Appeal from a judgment of the Livingston County Court (Dennis S. Cohen, J.), rendered June 28, 2007. The judgment convicted defendant, upon a jury verdict, of use of a child in a sexual performance (three counts).
Published by New York State Law Reporting Bureau pursuant to Judiciary Law § 431.
This opinion is uncorrected and subject to revision before publication in the Official Reports.
PRESENT: SCUDDER, P.J., SMITH, PERADOTTO, LINDLEY, AND SCONIERS, JJ.
It is hereby ORDERED that the judgment so appealed from is unanimously affirmed.
On appeal from a judgment convicting him upon a jury verdict of three counts of use of a child in a sexual performance (Penal Law § 263.05), defendant contends that the evidence is legally insufficient to support the conviction because the sexual performances were not exhibited before an audience but, rather, were observed by defendant alone. Defendant failed to preserve that contention for our review inasmuch as he failed to renew his motion for a trial order of dismissal on that ground after presenting evidence (see People v Hines, 97 NY2d 56, 61, rearg denied 97 NY2d 678). Viewing the evidence in light of the elements of the crime as charged to the jury (see People v Danielson, 9 NY3d 342, 349), we reject defendant's further contention that the verdict is against the weight of the evidence (see generally People v Bleakley, 69 NY2d 490, 495).

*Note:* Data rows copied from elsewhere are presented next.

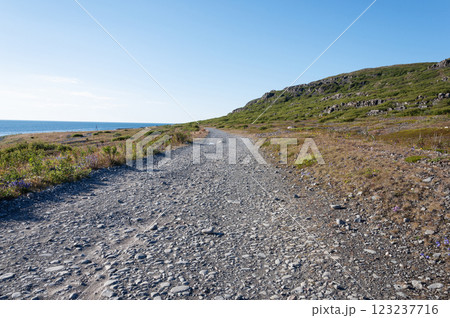 Gravel road along the seashore in tundra 123237716
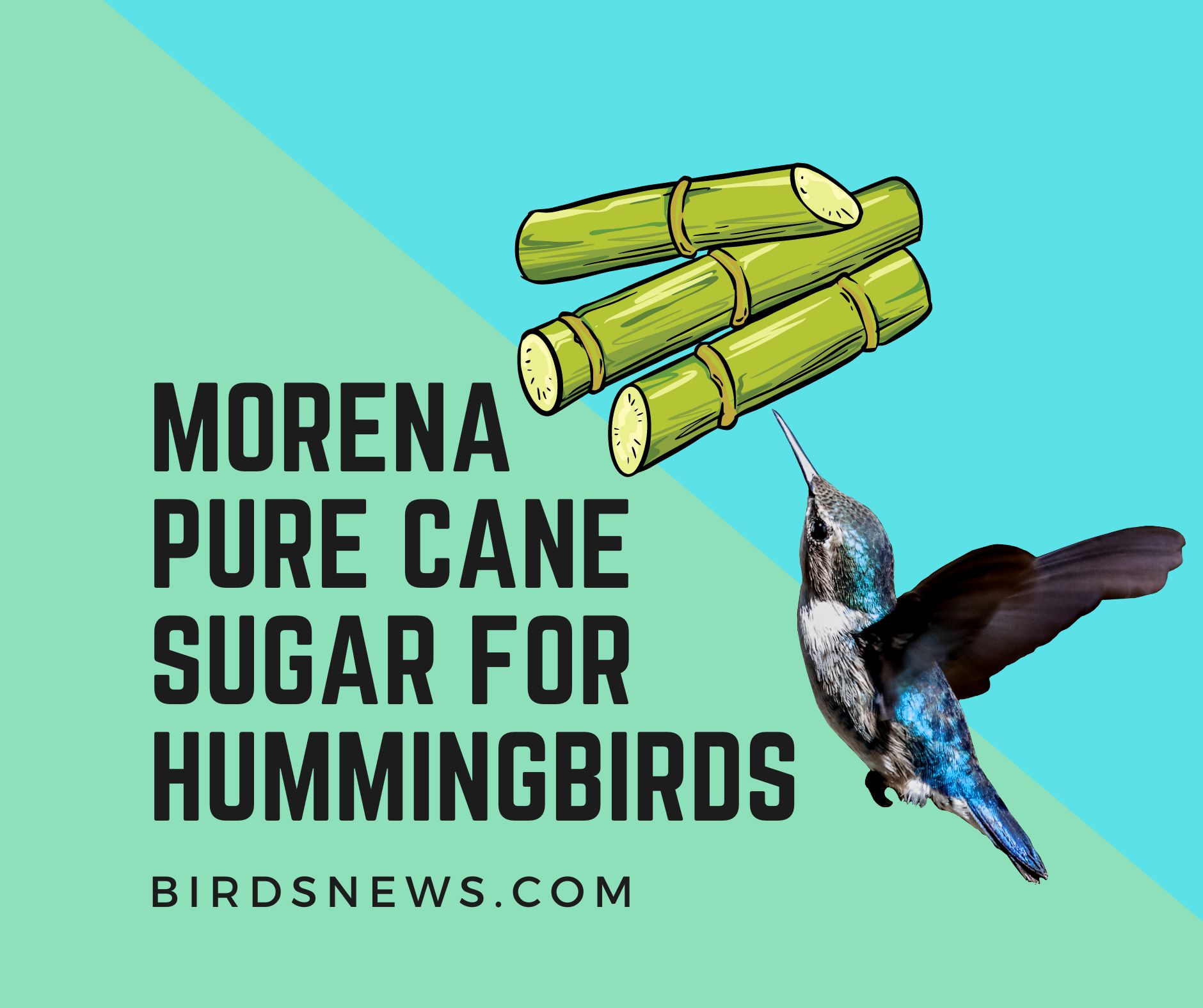 morena-pure-cane-sugar-for-hummingbirds-all-you-need-to-know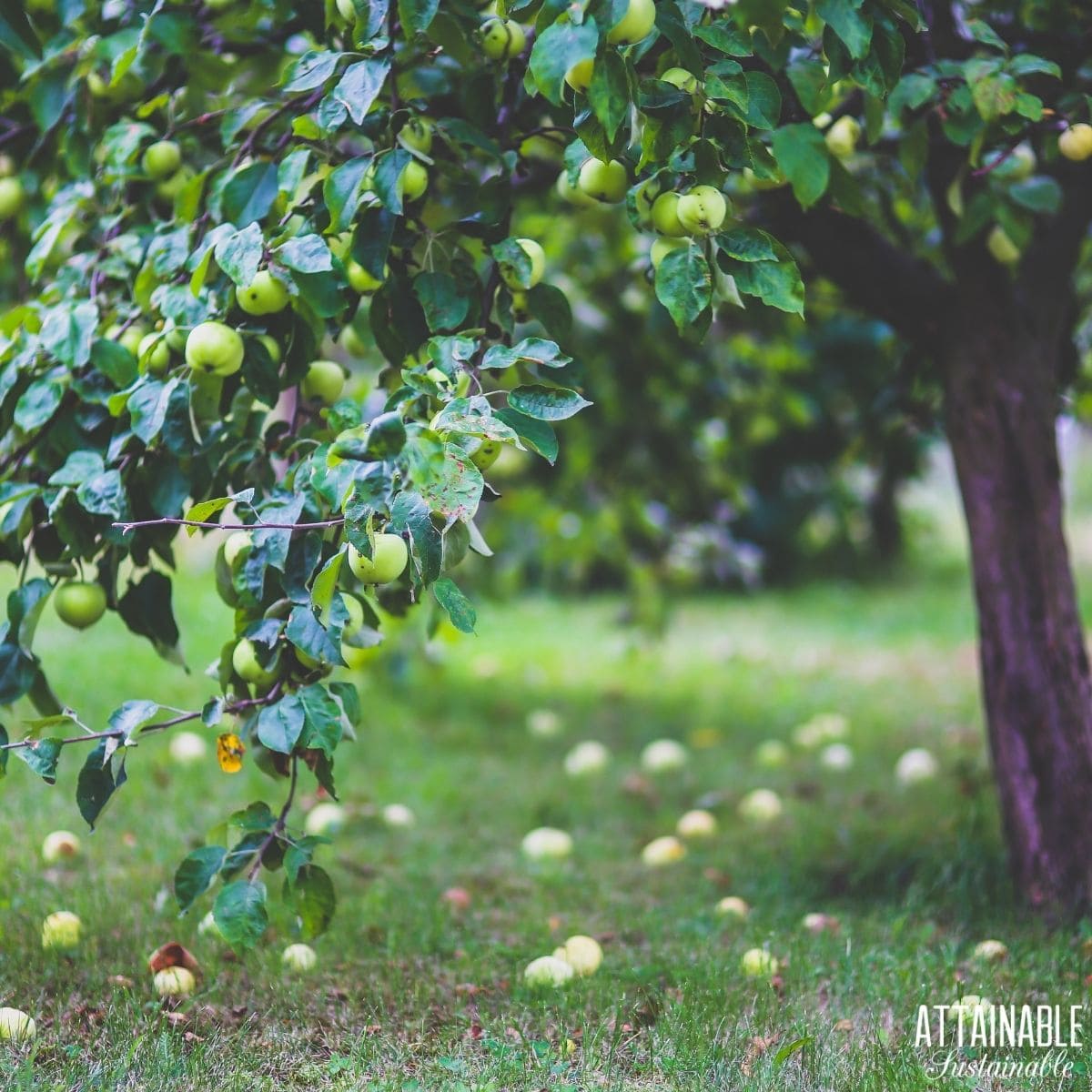 Apple tree with green apples on branches and ground. 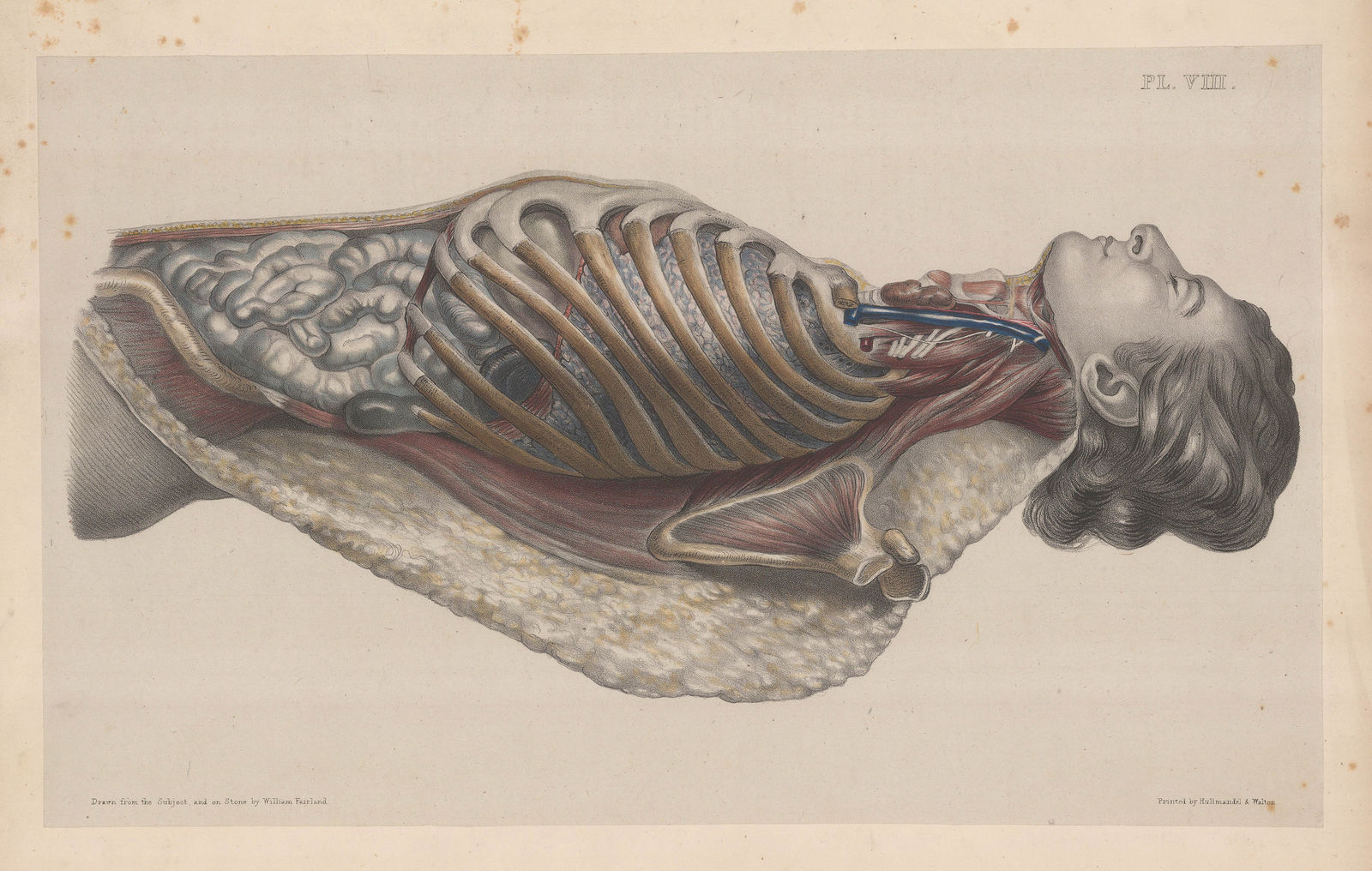 Taylor & Walton, Anatomy - Torso, 1837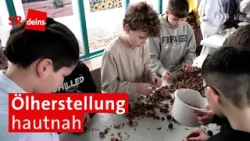 Walnüsse, Raps & jede Menge Arbeit – Grundschüler stellen selber Öl her Walnüsse, Raps & jede Menge Arbeit – Grundschüler stellen selber Öl her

We also reject the contention of defendant that he was denied effective assistance of counsel (see generally People v Baldi, 54 NY2d 137, 147). With respect to defense counsel's failure to object to certain derogatory testimony concerning defendant's drug use and corporal punishment of the children in question, defendant failed " to demonstrate the absence of strategic or other legitimate explanations' for [defense] counsel's alleged shortcomings" (People v Benevento, 91 NY2d 708, 712; see People v Douglas, 60 AD3d 1377, lv denied 12 NY3d 914). The record does not support defendant's contention that defense counsel failed to conduct an adequate investigation into the reliability of child abuse accommodation syndrome. In any event, even assuming, arguendo, that defense counsel could have presented alternative psychological theories to the jury, we conclude that his failure to do so was not so " egregious and prejudicial as to compromise  defendant's right to a fair trial' " (People v Washington, 60 AD3d 1454, 1455, lv denied 12 NY3d 922). Finally, the sentence, the maximum of which is 10 to 20 years, is not unduly harsh or severe.